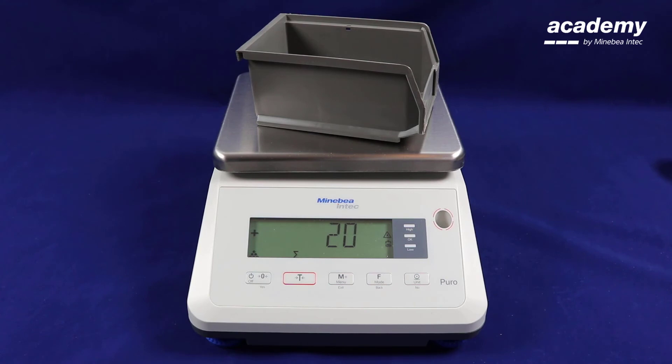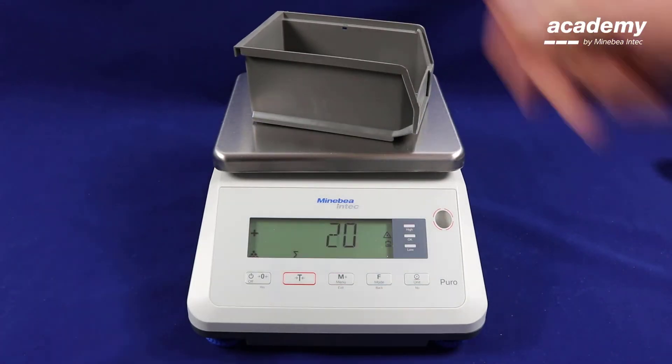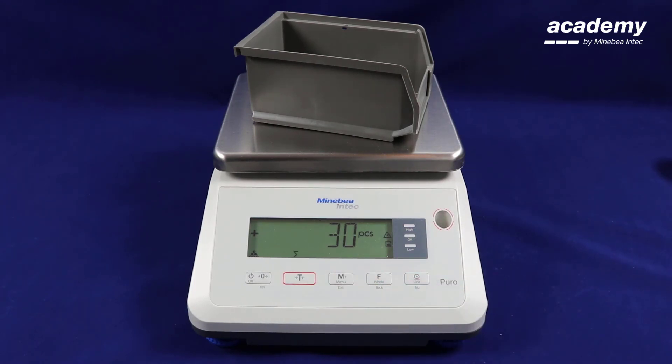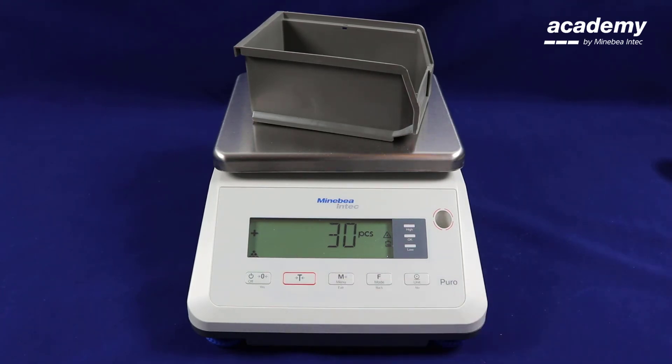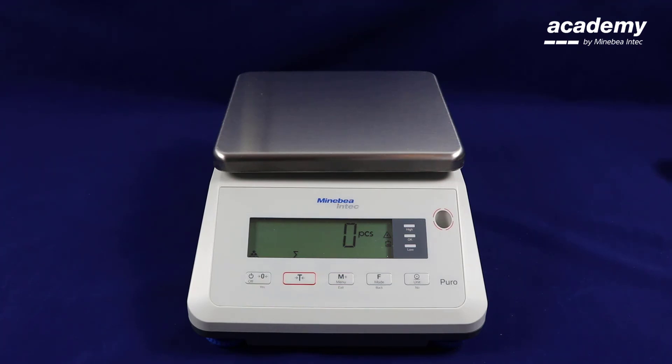Continue this process as often as required. When you have completed your weighings, press and hold the M plus key to retrieve your statistics. This will give you the total number of weighings, the total piece count, the minimum number of pieces, and the maximum number of pieces weighed.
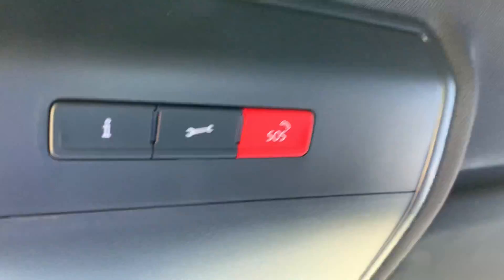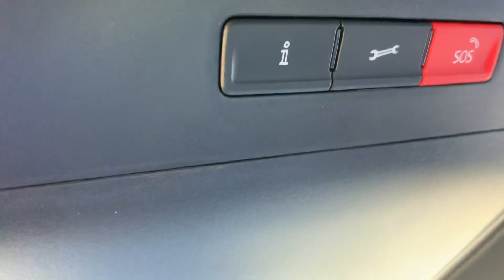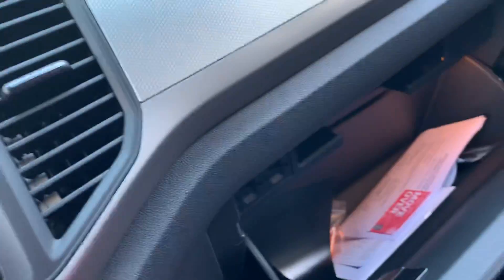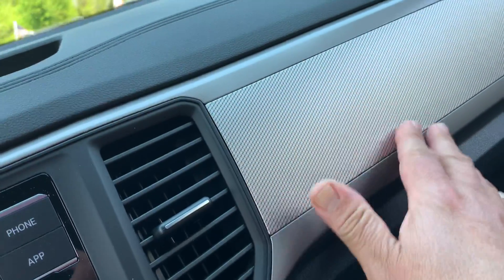This car comes with car connect. If you have an emergency, you can push these buttons and somebody will pick up for you. That's the low compartment — it's a nice molding.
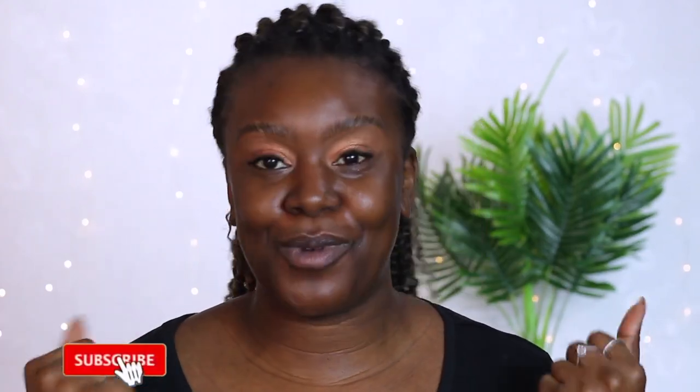Hey guys, welcome back to my channel. I hope you're all doing well, and if you are new here, welcome. Happy new year! Getting right into it - if you already watched my previous video, you know that I did want to come back and try this Fenty Beauty foundation powder in a different way, which is what I want to do in this video.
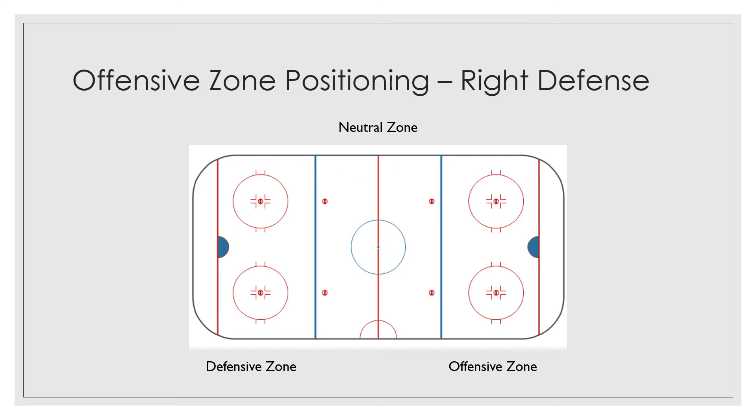That being said, when you're in the offensive zone, you've got your partner, and we talked about him last week. Your left defenseman would be roughly over here covering, and you would be over here covering. Your area is that whole point area in the offensive zone, and it's roughly from the wall to the center of the ice, give or take. That's gonna be the area that you're gonna cover.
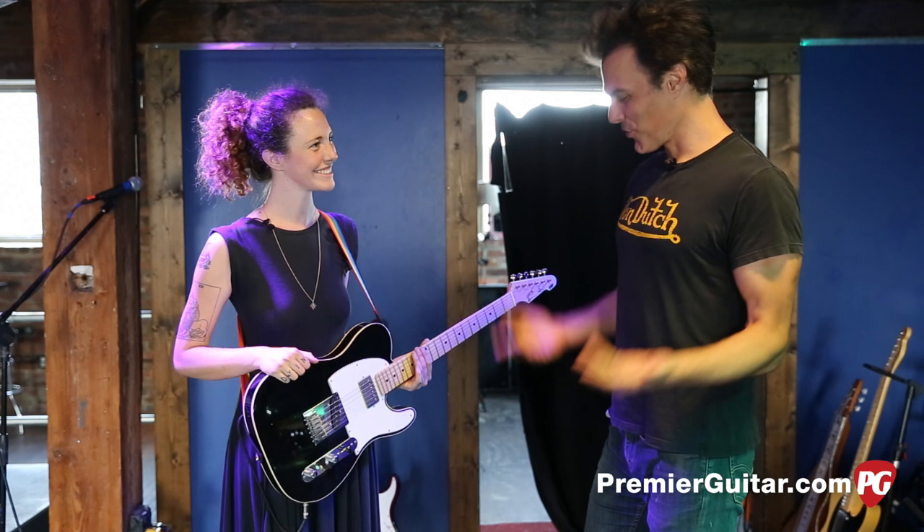Hey, this is John Bollinger with Premiere Guitar. I'm here in Nashville, Tennessee with Esme Patterson, shortly before her show pre-sound check. Esme, thanks for joining us today. Yeah, totally.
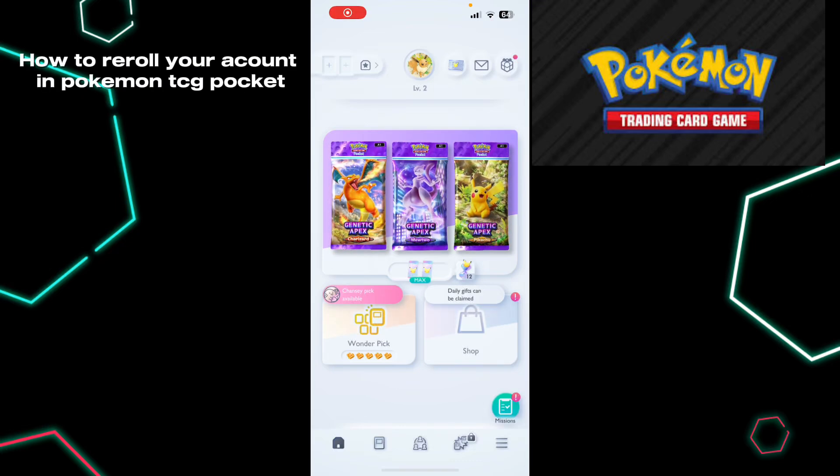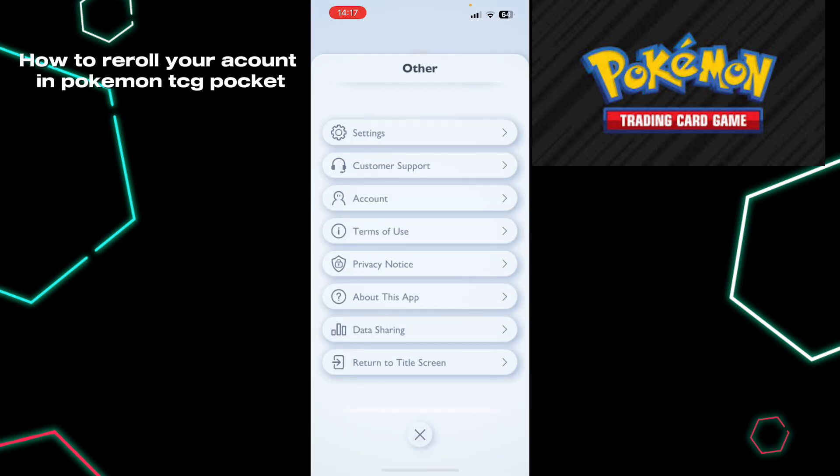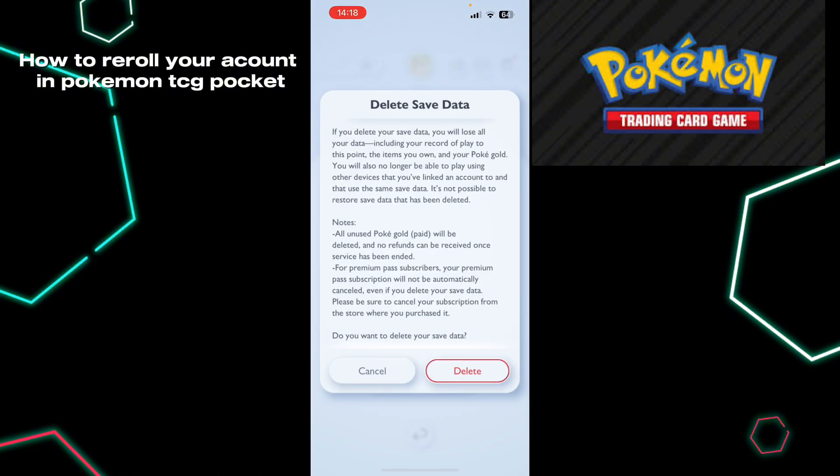In this video I'm going to show you how to reroll your account in Pokémon TCG Pocket. All you have to do is click on the three lines down here, click on Other, click on Account, and then Delete Save Data. Keep in mind that this will delete all of your data and you will start again from the beginning.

#### Required action:
Leaving out the pictures, restate each line of the listing above verbatim, from the opening line to the line bearing "Hey guys, welcome", inclusive, and no more.

#### Written response:
Continue this process as often as required. When you have completed your weighings, press and hold the M plus key to retrieve your statistics. This will give you the total number of weighings, the total piece count, the minimum number of pieces, and the maximum number of pieces weighed.
This car comes with car connect. If you have an emergency, you can push these buttons and somebody will pick up for you. That's the low compartment — it's a nice molding.
Hey guys, welcome back to my channel. I hope you're all doing well, and if you are new here, welcome. Happy new year! Getting right into it - if you already watched my previous video, you know that I did want to come back and try this Fenty Beauty foundation powder in a different way, which is what I want to do in this video.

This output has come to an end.